Hi, I'm looking at a potential piece of work involving a fairly complex data capture and management site and am wondering how best to approach it. I would be using a LAMP architecture.
The backend will involve:
Mass user creation via user uploaded csv file - I have done this before so am confident about this part.
Once registered, users will submit confidential information on a regular basis. Although the data is confidential, I would simply be planning on storing this in a MySQL database, which would be backup on a regular basis.
There would be different roles involved:
An administrator, who would monitor user activity and create new roles and user accounts where required.

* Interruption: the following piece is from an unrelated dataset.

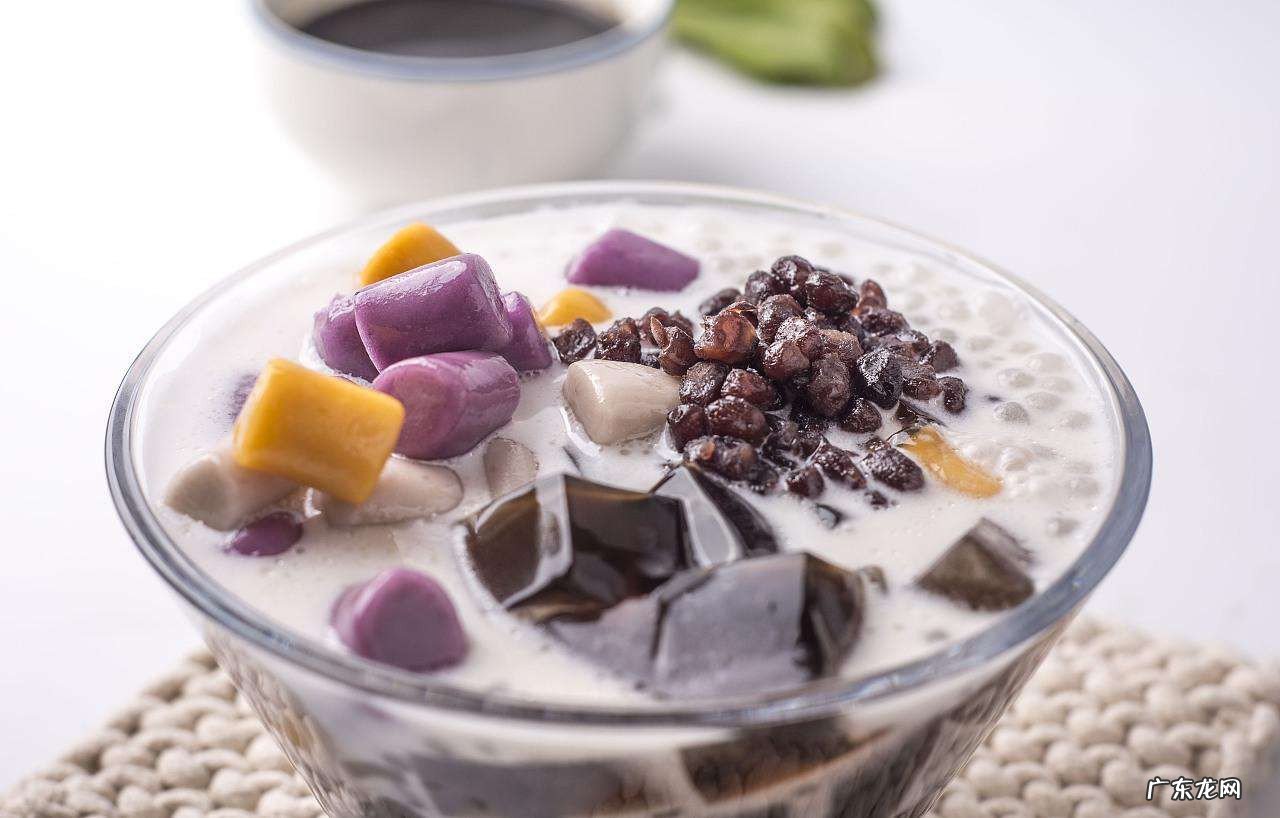 红薯粉可以做芋圆吗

End users - who would simply be supplying information via forms, with the ability to edit their profiles, view previous submissions and other basic stuff like that
Management users - who can run a series of pre-defined reports on the data and display this information within the browser. They may also carry out "free-form queries" on the data as well as extract selected results as spreadsheets. A number of these standard reports would also be made available as web services/feeds. The free-form queries part is
slightly concerning, as I don't know yet what the data actually is, plus there is a strong likelihood that new questions would be dynamically added to the data capture forms over time. The database structure would have to be flexible to accommodate this, plus I would have to provide this capacity for free-form queries, which I've never done before. Can anyone suggest a sensible approach to this?
There would also be some form of versioning, so that if a user updates/revises certain data, the changes would be tracked and the previous record(s) would still be available. I would be planning to incorporate this into the database design, so that instead of updating and overwriting data in the database, a new record would always be created, with the "overwritten" one simply being flagged as archived. This way, I think I would always be able to retrieve the live data row, as well as the archived rows (organised by date). Does that make sense?
Thanks in advance for any pointers, this is a bit more complex than what I've worked on before (mainly standard CMSs) - I think i know how to handle the above, but would be grateful for any advice a more experienced developer could provide.